WORK TASK ::
Take the material below and extract the lines from the one with "Main Road, Louth, LN11, photo 35" through the one with "The Deacons Handbook: A", word for word, without pictures.

DATA SHOWN ::
──────

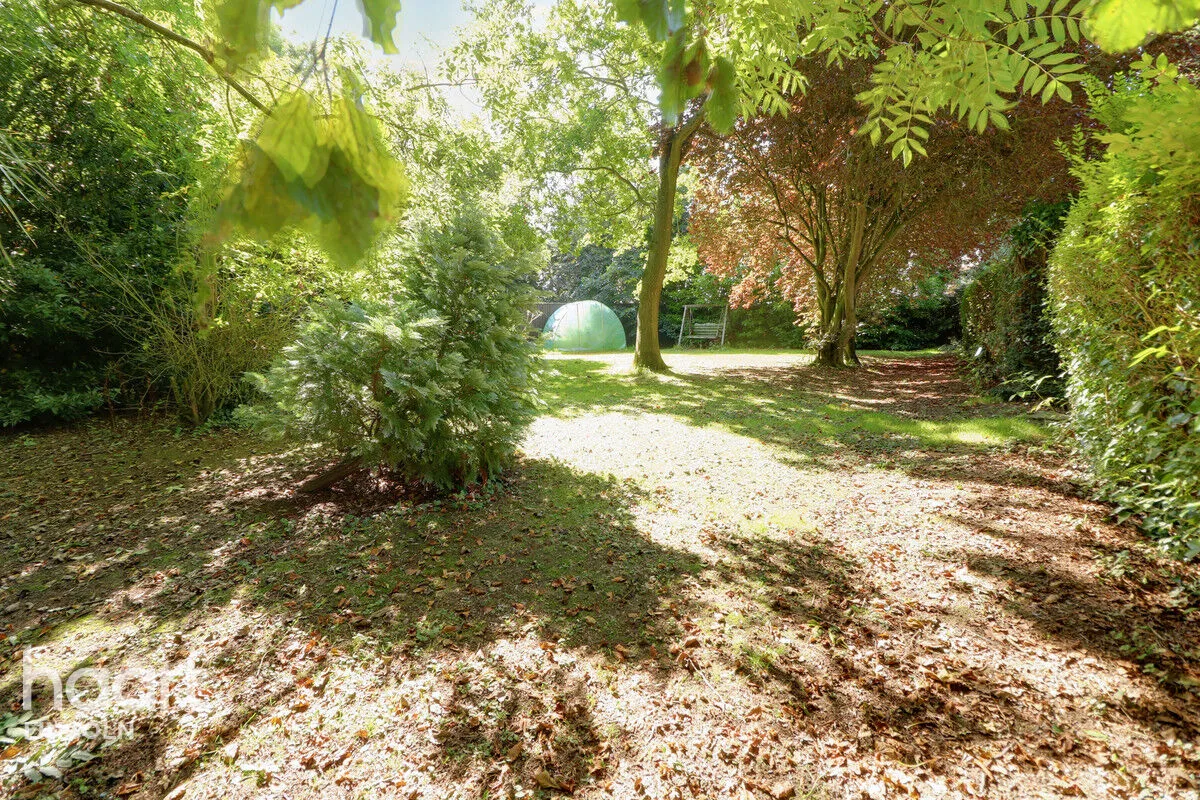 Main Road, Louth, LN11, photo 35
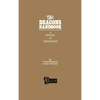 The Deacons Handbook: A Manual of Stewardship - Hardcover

──────

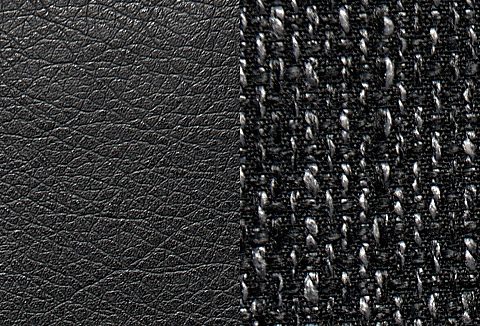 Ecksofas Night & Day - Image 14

──────

ANSWER SPACE ::
 Main Road, Louth, LN11, photo 35
 The Deacons Handbook: A Manual of Stewardship - Hardcover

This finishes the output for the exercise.